Note: Illustrative, detailed descriptions of a Smart Traffic Light System (STLS) use case and a wind farm use case are provided in [3].

9. What about the aspirations regarding application deployment at the edge?

I suggest distinguishing between two edge cloud/fog environments: curated environment versus non-curated environment. The aspirations of both are different and the environments take into account the expectations of application developers for edge-apps or foglets.

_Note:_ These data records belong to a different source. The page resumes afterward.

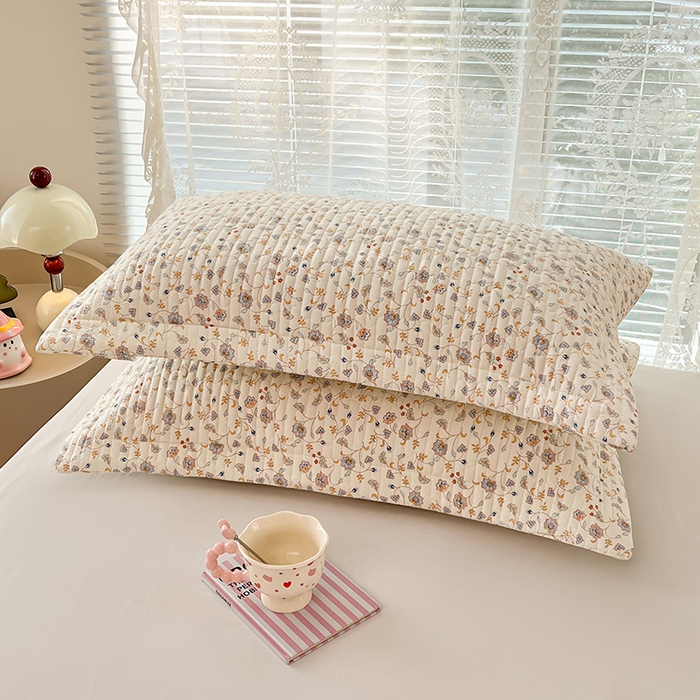 91家纺网 家纺一手货源 找家纺 圣比熊 2025新款A类云朵棉夹棉枕套宿舍单人一只装枕芯内胆套-单人枕套 花蔓清风（压线夹棉）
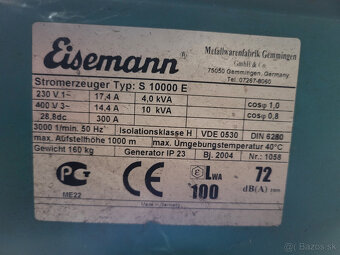 Predám elektrocentrálu Eisemann S 10000 E so zvarackou - 6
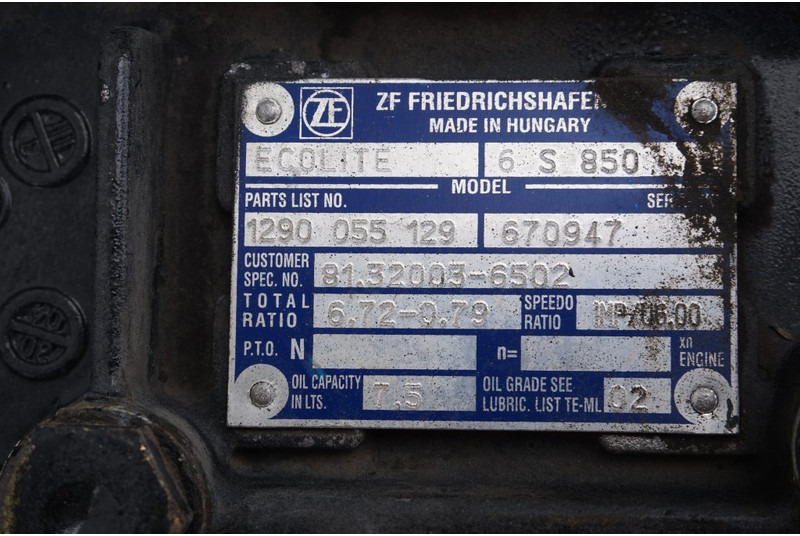 Caja de cambios para Camión ZF 6S850OD L2000 SAE2: foto 5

Curated environment: It requires a 3rd party edge-application developer to closely work together with the infrastructure vendor who delivers the edge cloud/fog platform and the party who operates this platform. The edge application will be vetted for security, extensively tested and possibly integrated in a customised way (apart from it possibly making use of standardised APIs as e.g. from ETSI MEC). An example scenario:  A developer creates video acceleration software which is deployed on the MEC server, Cloudlet or fog node of a router manufacturer, whereby the router hosting this platform is deployed in the access network of a mobile (cellular) network operator. The expectations of the 3rd party app developer are met, as that party is used to integration work with telecoms companies.

Non-curated environment: It enables deployment of edge applications as easy as it allows deployment of applications into any of the main clouds today (Amazon EC2, Microsoft Azure, IBM, HP, Google, …): Fast, easy, efficient. This would be the way how an online games company or an augmented reality software company would prefer deploying their applications e.g. in order to benefit from reduced latency and the existence of fog. The challenge here is to create a seamless deployment process for edge-enabled cloud applications whereby the process stretches across domain boundaries (e.g. an application gets deployed across Amazon EC2 plus 100 edge cloud nodes from a different provider).

Further attention needs to be paid to create relevant application deployment and resource provisioning processes and tools, which leverage best practice from the IT side (Cloud) and from the Telecom/ISP Network side (Network Function Virtualization).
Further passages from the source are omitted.